* **Task details**: Your copy should match the records exactly, apart from the pictures, which stay out.

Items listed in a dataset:
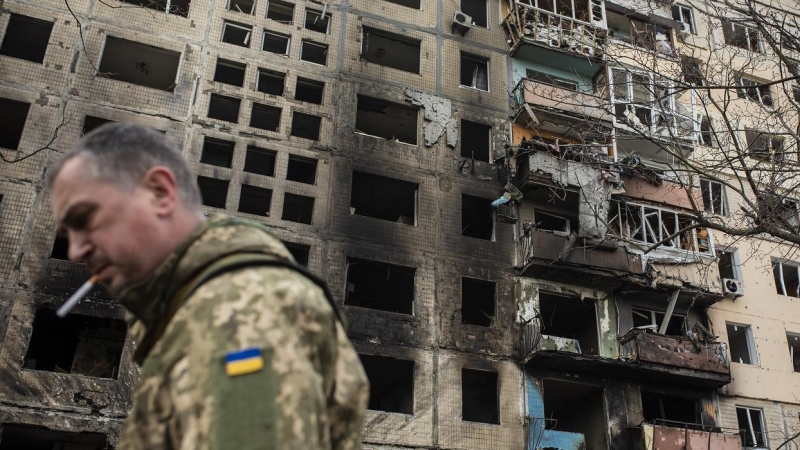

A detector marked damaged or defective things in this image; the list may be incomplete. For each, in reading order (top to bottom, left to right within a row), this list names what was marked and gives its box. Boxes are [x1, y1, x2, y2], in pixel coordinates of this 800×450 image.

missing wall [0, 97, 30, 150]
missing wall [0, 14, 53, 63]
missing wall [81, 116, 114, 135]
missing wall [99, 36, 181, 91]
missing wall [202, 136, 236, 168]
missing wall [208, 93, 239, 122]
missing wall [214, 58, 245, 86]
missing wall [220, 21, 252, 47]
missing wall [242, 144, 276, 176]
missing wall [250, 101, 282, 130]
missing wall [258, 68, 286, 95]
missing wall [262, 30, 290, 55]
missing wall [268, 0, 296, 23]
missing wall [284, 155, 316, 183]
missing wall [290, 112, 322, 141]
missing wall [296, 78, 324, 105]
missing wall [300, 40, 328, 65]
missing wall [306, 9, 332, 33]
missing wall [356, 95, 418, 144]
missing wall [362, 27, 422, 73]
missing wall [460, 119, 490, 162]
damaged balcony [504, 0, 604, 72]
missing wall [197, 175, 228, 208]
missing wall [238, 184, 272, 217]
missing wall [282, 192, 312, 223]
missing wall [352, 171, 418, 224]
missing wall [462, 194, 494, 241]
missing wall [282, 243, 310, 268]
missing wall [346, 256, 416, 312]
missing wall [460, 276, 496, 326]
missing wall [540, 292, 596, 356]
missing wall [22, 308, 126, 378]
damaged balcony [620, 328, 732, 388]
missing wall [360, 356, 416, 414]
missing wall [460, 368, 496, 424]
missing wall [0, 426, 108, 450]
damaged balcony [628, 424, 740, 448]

* **Solved exercise**:
A detector marked damaged or defective things in this image; the list may be incomplete. For each, in reading order (top to bottom, left to right within a row), this list names what was marked and gives its box. Boxes are [x1, y1, x2, y2], in pixel coordinates of this 800×450 image.

missing wall [0, 97, 30, 150]
missing wall [0, 14, 53, 63]
missing wall [81, 116, 114, 135]
missing wall [99, 36, 181, 91]
missing wall [202, 136, 236, 168]
missing wall [208, 93, 239, 122]
missing wall [214, 58, 245, 86]
missing wall [220, 21, 252, 47]
missing wall [242, 144, 276, 176]
missing wall [250, 101, 282, 130]
missing wall [258, 68, 286, 95]
missing wall [262, 30, 290, 55]
missing wall [268, 0, 296, 23]
missing wall [284, 155, 316, 183]
missing wall [290, 112, 322, 141]
missing wall [296, 78, 324, 105]
missing wall [300, 40, 328, 65]
missing wall [306, 9, 332, 33]
missing wall [356, 95, 418, 144]
missing wall [362, 27, 422, 73]
missing wall [460, 119, 490, 162]
damaged balcony [504, 0, 604, 72]
missing wall [197, 175, 228, 208]
missing wall [238, 184, 272, 217]
missing wall [282, 192, 312, 223]
missing wall [352, 171, 418, 224]
missing wall [462, 194, 494, 241]
missing wall [282, 243, 310, 268]
missing wall [346, 256, 416, 312]
missing wall [460, 276, 496, 326]
missing wall [540, 292, 596, 356]
missing wall [22, 308, 126, 378]
damaged balcony [620, 328, 732, 388]
missing wall [360, 356, 416, 414]
missing wall [460, 368, 496, 424]
missing wall [0, 426, 108, 450]
damaged balcony [628, 424, 740, 448]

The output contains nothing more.